- Genre: Black magic; Romantic drama;
- Written by: Imran Nazir
- Story by: Imran Nazir
- Directed by: Iqbal Hussain
- Starring: Azfar Rehman; Sarah Khan; Ali Abbas; Syed Villayat Hussain;
- Opening theme: Singers Raheel Fayyaz Bina Khan Lyrics by Saji Gul
- Country of origin: Pakistan
- Original language: Urdu
- No. of seasons: 1
- No. of episodes: 40

Production
- Producer: Moomal Shunaid
- Camera setup: Multi-camera setup
- Running time: 39:00
- Production company: Moomal Entertainment

Original release
- Network: Hum Network Limited
- Release: 25 January – 8 June 2017

Related
- Hatheli; Adhi Gawahi;

= Nazr-e-Bad =

Pakistani television series

Nazr-e-Bad (Urdu:; lit: Look of Evil) is a Pakistani black magic-based romantic television drama serial which aired on Hum TV on 25 January 2017, replacing the previously concluded drama Hatheli.
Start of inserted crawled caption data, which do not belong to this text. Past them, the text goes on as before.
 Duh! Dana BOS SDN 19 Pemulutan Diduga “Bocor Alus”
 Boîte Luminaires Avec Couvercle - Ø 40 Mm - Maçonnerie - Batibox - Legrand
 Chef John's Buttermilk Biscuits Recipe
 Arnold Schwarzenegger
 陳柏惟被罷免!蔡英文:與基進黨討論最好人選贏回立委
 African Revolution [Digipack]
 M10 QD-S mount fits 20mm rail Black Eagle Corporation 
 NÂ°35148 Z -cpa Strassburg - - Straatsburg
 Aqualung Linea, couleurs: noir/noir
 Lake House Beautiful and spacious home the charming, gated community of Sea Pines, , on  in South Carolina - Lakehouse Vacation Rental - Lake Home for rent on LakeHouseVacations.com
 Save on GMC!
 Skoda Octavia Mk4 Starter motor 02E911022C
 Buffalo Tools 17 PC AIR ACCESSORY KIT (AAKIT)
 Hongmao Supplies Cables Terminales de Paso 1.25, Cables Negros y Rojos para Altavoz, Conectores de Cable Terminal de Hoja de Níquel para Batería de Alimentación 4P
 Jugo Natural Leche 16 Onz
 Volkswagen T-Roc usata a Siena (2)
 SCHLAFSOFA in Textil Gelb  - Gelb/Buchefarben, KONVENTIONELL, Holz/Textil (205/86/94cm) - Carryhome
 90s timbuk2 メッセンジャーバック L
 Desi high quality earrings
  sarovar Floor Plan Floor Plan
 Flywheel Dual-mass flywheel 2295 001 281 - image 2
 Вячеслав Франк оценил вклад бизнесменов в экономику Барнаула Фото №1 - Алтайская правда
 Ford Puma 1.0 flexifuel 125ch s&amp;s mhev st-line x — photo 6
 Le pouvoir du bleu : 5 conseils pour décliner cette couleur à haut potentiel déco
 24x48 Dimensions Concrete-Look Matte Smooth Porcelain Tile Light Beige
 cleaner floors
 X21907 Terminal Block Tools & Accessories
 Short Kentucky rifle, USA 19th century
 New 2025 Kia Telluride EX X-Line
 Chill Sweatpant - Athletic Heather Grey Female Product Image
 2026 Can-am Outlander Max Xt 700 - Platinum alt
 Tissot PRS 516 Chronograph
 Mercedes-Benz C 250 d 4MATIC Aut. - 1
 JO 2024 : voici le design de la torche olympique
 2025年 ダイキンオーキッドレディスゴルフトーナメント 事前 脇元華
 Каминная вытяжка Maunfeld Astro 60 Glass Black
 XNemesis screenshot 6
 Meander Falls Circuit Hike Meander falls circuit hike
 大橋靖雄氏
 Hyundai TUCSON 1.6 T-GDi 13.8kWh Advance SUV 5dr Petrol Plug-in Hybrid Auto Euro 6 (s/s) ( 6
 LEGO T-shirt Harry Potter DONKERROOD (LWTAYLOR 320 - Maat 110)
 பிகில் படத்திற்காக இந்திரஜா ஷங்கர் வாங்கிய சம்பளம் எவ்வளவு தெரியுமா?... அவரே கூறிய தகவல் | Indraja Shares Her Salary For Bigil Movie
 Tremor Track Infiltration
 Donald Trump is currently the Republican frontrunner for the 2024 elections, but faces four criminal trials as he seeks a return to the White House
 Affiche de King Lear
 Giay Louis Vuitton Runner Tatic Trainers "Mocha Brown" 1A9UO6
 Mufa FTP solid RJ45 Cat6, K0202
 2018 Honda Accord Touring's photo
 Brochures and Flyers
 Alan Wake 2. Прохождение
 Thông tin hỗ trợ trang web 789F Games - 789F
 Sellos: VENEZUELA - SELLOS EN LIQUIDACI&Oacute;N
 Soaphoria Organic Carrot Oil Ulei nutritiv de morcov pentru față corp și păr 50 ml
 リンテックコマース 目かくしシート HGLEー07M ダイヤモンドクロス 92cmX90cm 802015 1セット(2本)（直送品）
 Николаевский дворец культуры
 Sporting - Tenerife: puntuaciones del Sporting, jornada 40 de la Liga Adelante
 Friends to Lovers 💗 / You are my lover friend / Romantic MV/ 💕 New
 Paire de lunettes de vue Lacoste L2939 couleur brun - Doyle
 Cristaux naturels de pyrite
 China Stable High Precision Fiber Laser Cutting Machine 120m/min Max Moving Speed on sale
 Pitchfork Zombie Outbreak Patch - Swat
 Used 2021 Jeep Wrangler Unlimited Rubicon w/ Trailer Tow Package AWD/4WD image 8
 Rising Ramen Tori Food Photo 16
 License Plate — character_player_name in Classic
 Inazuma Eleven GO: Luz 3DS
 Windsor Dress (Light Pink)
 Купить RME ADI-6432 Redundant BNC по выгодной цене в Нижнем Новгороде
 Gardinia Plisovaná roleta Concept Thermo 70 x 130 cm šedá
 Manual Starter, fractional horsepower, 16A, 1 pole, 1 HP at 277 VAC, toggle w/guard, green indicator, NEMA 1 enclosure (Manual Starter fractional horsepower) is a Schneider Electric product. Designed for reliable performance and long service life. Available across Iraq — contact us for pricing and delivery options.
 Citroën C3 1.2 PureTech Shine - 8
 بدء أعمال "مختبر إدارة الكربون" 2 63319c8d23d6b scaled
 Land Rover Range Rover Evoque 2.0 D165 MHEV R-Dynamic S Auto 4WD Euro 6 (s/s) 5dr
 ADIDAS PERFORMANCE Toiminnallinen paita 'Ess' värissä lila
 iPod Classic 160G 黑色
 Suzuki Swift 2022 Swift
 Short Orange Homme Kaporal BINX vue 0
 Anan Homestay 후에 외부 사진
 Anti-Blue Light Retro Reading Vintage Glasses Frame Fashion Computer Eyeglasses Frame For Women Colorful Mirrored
It stars Azfar Rehman and Sarah Khan in leading to pivot roles.

The story is penned by Imran Nazir who previously written Mohabbat Aag Si which was strongly hit because of appearance of Azfar Rehman, Sarah Khan and Iffat Rahim and directed by Iqbal Hussain, who is famous for his previously directed drama Seeta Bagri and is produced by Moomal Shunaid under Moomal Entertainment.This serial was a great success and loved by the people because of its reality like most of the times these types of Black Magic are happening in our society.

==Story==
Nazr-e-Bad is a drama about the old superstitious concept of Nazr-e-Bad (evil eye) and black magic. The story reveals how jealousy can lead to envy and eventually make people do horrendous things. Shafiq is a simple and common man, who lives with his family in a modest home. His brother lives in the same house upstairs. Nusrat (Shafiq’s wife and Maham’s mother, played by Fazila Qazi) despises Almas (Pervaiz’s mother, played by Sakina Samo) due to her modest background. Nusrat also believes that Almas casts an evil eye on her better economic condition. Maham (played by Sarah Khan) Shafiq’s daughter does not like her cousin Pervaiz, who deeply loves her. The story further unfolds, when Nusrat’s nephew Aftab (played by Ali Abbas) asks for Maham’s hand in marriage. This shakes Pervaiz and his mother Almas, as they wanted Maham to marry Pervaiz. In their jealousy and envy, they turn to black magic. What happens next is a series of horrendous and unfortunate events.

== Cast ==
===Main cast===
- Azfar Rehman as Pervaiz
- Sarah Khan as Maham
- Ali Abbas as Aftab

===Recurring cast===
- Sakina Samo as Almas
- Fazila Qazi as Nusrat
- Nayyar Ejaz as Baba
- Beenish Raja as Shazia
- Waseem Abbas as Shafiq ur Rehman
- Faseeh Sardar as Ahmer
- Humaira Bano as Salma
- Hanif Bachchan as Attique ur Rehman
- Mizna Waqas as Umera
- Aruba Mirza as Abeera
- Usman Patel as Babar
- Tara Mahmood as Shaista
- Jameel Ahmed as Akmal
- Noman Ashraf
- Iqbal Hussain as Shamsi Chacha
- Hajra Ali as Aneesa Yazdani
- Awais Waseer as Shafqat
- Villayat Hussain

== Availability ==
The show is available on:
- MX Player
- iflix (till 2017)

== Production ==
=== Post-Production delays ===
The viewers mostly liked the couple of Sarah Khan and Azfar Rehman in the set of Mohabbat Aag Si. The drama was scheduled to air in 2016 but due to Azfar Rehman had to work on Hatheli, Waseem Abbas and Fazila Qazi had to work for Deewana, Sakina Samo had to work for Dil Banjaara and Ali Abbas had to work for Tum Kon Piya the project was paused. The series was again scheduled to air from 15 December 2016 but due to post-production delays, the show aired from 25 January 2017.